It’s a little like the TV show where they give you ingredients and you figure out [what to] make,” says Eliza McFeely. She’s talking about the fresh produce Truro Community Kitchen (TCK) receives from Sustainable CAPE through its Harvester Highlights program. “It keeps us inventive.”

Sustainable CAPE launched Harvester Highlights, entering its fifth year, to encourage the awareness and purchase of local food. Using funds from a Massachusetts Department of Agricultural Resources grant, private funding, and business sponsorships, the organization purchases fresh produce from different Cape Cod growers at full market value and donates it to soup kitchens in Provincetown, Truro and Orleans throughout the year. This gives growers business they likely would not have during their slow season and increases access to healthy foods for area residents who might not be able to get it otherwise. “Paying farmers a fair wage for their product while leveraging private and government funds to increase the supply of local food on Cape Cod benefits everyone,” says Sustainable CAPE’s founding director, Francie Randolph.

Taking into consideration what the program’s harvesters grow, and what they are able to produce at a given time of year, Sustainable CAPE identifies each month’s highlighted ingredient. Typically, these range from salad and sauté greens to mushrooms, root vegetables and eggs. “We try to shift between people and purchase as much as we can,” Randolph says. Geographically, the farmers are spread from Brewster (Chatham Bars Inn Farm, which sells vegetables and sometimes donates them when they have a surplus) to Truro.

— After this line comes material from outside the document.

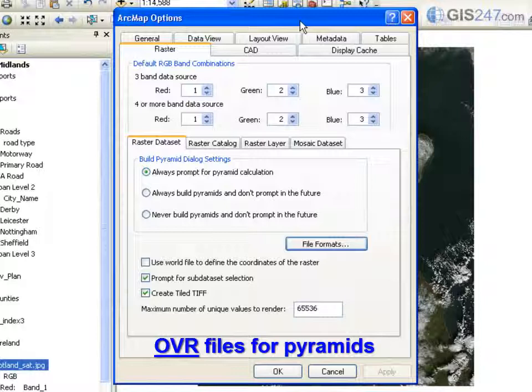In addition, OVR files can be compressed to reduce the impact of Pyramids on disk space. These are more flexible and work with all file formats that allow Pyramids.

Arin Hirst, of Sketchy Greenhouse in Orleans, has been a Harvester Highlights collaborator since 2021, providing salad and sauté greens. “Most small farmers in my similar scale and age could probably use a little more consistency,” says the 34-year-old Orleans native, who grows outdoors at Putnam Community Farm in his hometown and also grows microgreens in a Truro greenhouse. “It would be great if there were more programs just like [Harvester Highlights] where we get basically farmers’ market prices.”

“It’s a real win-win for my farm,” says Dave DeWitt of Dave’s Greens in Truro. “For this program to be able to offer us a real, viable wage for our produce sings out. We can grow some volume as far as poundage and get really fairly paid for that poundage. That’s the bottom line for me.”

Farmers like Dave DeWitt (manning his table at the Truro Farmers’ Market) can extend their growing season with Sustainable CAPE’s Harvester Highlights.

DeWitt, who helped establish Sustainable CAPE with Randolph, grows a wide range of vegetables on five-plus acres at two locations outdoors and more than 38,000 square feet of greenhouses. But he is most well-known for his salad mix, which he grows for Harvester Highlights. “My salad mix is easy enough to plan ahead to get out even if it’s the shoulder season or the dead of winter,” he says. “I could extend my season if I needed to. As long as I have about 45 days’ notice, I can get a crop out to them.”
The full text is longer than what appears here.